In the evening we were free to get our horses out and spend some time with them. Lupin was, of course, a little up, but being an introvert, his “up” is rarely extreme. This is perhaps a bad thing, because it makes it easy for me to avoid dealing with the fact that I don’t have his full attention. Alex said she has to get Indy’s full attention because, as an extrovert, he can get quite dangerous if she doesn’t have it, but I can always choose the lazy route with Lupin, though sometimes there is a price.
By the end of the day Monday, my tiredness created both laziness and bad judgment in me. I should have just let him walk around, asking nothing. But there were some obstacles, so we played a little bit, and one obstacle was a trailer. I wanted to follow up on our trailer loading session of the morning, and I’d also heard we’d be tested on trailer loading the next day, so I couldn’t resist doing a little prep. But I didn’t set it up very well, and it was getting dark, and I couldn’t really tell whether Lupin was unconfident or just testing me when he refused to go in the trailer.

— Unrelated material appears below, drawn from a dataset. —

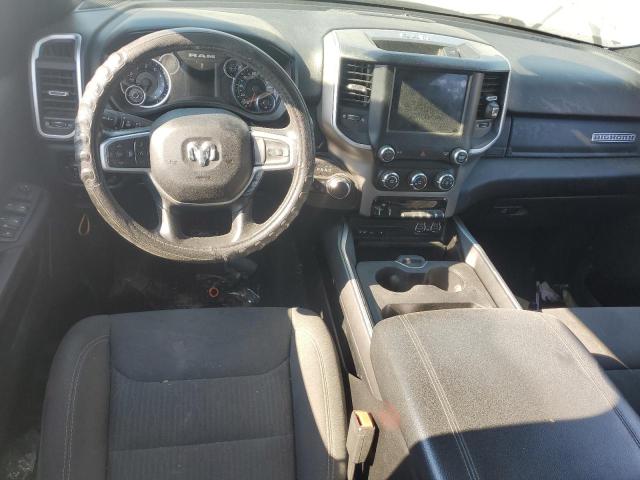 Photo 8 from auction – 2019 RAM 1500 with VIN 1C6SRFFT6KN720001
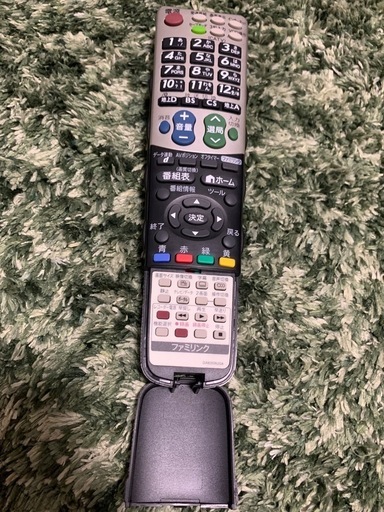 SHARP LED AQUOS 40インチテレビ【LC-40SE1】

I’ve been working on myself to ask more out of him because I tend to ask too little, so I defaulted to being fairly strong with him, and he started to pitch a fit, trying to come over the top of me and kicking out at my stick and string. I, in turn, got even stronger with him because I don’t want him to think he can intimidate me. I don't say this was the wrong response, but it didn't do much for our relationship, particularly as we had to quit without reaching much of a good stopping place because it got dark while he was still emotional. In the end the only thing I could say that was purely positive was that I hadn’t gotten emotional--which, given Lupin's level of emotion, was pretty impressive. I may have been stronger with him than I needed to be, but I hadn’t done it out of anger or fear. So I called that one little thing a win, and I made the promise to myself and to him that that was it: I absolutely would not do anything else over the next few days that would put our testing before our relationship.
That promise made Day 2 and Day 3 infinitely better, but as it is now infinitely later than I should stay up, even on a weekend, my narrative of those two days will have to wait.